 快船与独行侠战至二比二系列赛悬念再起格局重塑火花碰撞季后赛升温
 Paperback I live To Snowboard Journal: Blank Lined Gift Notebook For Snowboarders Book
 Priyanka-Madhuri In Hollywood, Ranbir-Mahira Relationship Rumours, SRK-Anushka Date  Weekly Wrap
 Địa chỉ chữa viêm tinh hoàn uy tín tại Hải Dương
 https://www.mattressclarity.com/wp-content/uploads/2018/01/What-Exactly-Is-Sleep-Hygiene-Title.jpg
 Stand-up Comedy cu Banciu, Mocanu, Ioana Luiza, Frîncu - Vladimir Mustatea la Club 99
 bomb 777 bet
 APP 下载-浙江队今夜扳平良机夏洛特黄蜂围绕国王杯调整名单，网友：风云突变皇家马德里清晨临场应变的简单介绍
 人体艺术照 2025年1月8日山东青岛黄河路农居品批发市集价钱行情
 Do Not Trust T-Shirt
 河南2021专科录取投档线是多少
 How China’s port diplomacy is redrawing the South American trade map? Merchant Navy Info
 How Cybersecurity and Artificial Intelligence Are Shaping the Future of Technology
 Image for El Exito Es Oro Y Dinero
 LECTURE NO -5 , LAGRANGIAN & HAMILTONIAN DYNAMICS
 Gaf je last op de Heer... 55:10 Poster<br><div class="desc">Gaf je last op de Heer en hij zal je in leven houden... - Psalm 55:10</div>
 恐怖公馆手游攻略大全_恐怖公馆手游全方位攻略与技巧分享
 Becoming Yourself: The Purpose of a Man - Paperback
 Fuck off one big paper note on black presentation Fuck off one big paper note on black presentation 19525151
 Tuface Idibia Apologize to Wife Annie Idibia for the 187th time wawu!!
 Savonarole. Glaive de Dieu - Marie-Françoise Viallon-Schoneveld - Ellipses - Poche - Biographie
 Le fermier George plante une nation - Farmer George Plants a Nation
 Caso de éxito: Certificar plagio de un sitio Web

===

■ Goal of the exercise: The reply must consist solely of the lines from the one containing "Fuck off one big paper note on black presentation Fuck" through the last line of the data, reproduced exactly.

■ Solution:
 Fuck off one big paper note on black presentation Fuck off one big paper note on black presentation 19525151
 Tuface Idibia Apologize to Wife Annie Idibia for the 187th time wawu!!
 Savonarole. Glaive de Dieu - Marie-Françoise Viallon-Schoneveld - Ellipses - Poche - Biographie
 Le fermier George plante une nation - Farmer George Plants a Nation
 Caso de éxito: Certificar plagio de un sitio Web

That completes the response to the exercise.